Sacred Music at St. John the Evangelist Parish

The Sacred Music program at St. John the Evangelist Parish seeks to deepen the faithful’s understanding of the Sacred Liturgy through authentic music that truly adheres to our Roman Catholic identity through the ages.  Music from many different eras is used, all of which builds upon the Roman Catholic Church’s rich tradition of beautiful music and is stylistically identifiable as Roman Catholic.  The Parish Choirs sing in both English and Latin, reflecting the Second Vatican Council’s wish that Latin remain within the Mass, and have a healthy repertoire of Gregorian Chant, English Chant, Sacred polyphony, and traditional hymns.


“It is possible to modernize sacred music. But it should not happen outside of the traditional path of Gregorian chant and sacred polyphonic choral music.”

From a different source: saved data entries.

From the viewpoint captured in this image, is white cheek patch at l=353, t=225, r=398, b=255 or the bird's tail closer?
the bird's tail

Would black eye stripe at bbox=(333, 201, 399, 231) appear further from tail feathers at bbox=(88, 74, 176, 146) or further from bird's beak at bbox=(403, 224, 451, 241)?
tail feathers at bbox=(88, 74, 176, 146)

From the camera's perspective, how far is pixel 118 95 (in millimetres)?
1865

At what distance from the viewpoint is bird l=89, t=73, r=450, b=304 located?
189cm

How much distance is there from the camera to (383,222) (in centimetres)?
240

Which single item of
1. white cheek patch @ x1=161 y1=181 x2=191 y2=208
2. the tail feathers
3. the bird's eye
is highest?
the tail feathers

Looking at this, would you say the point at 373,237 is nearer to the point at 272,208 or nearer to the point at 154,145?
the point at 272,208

– Pope Emeritus Benedict XVI

In Catholic Churches across the world, the Holy Sacrifice of the Mass was offered exclusively in Latin for centuries.  The Latin language, as the official tongue of the Catholic Church, unites Catholics across the globe in the unending praise of our creator.  One could enter any church in any country and hear the familiar words of the Mass uttered or sung exactly as they would be in their home country.
The Second Vatican Council, which began in 1962, altered the liturgy of the Church, allowing the use of the vernacular alongside the Latin language in Mass; however, the erroneous implementation of the Council’s directives in the years the followed unfortunately resulted in the total loss of Latin in the vast majority of Parishes.

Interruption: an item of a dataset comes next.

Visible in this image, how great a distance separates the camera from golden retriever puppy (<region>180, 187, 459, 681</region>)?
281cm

In recent years, there has been a resurgence of traditional Catholic liturgy due, in no small part, to the pontificate of Pope Emeritus Benedict XVI.  Catholics across the world are re-examining the documents of the Second Vatican Council and realizing that Latin was never supposed to disappear and, in fact, was encouraged to remain in the Mass.

The repertory of Gregorian Chant dates back centuries and has been sung in Mass for just as long.  You are invited to participate either externally, by singing the chant if you are familiar with it, or internally, by reading the translations as they appear in handouts and praying the text as it is sung.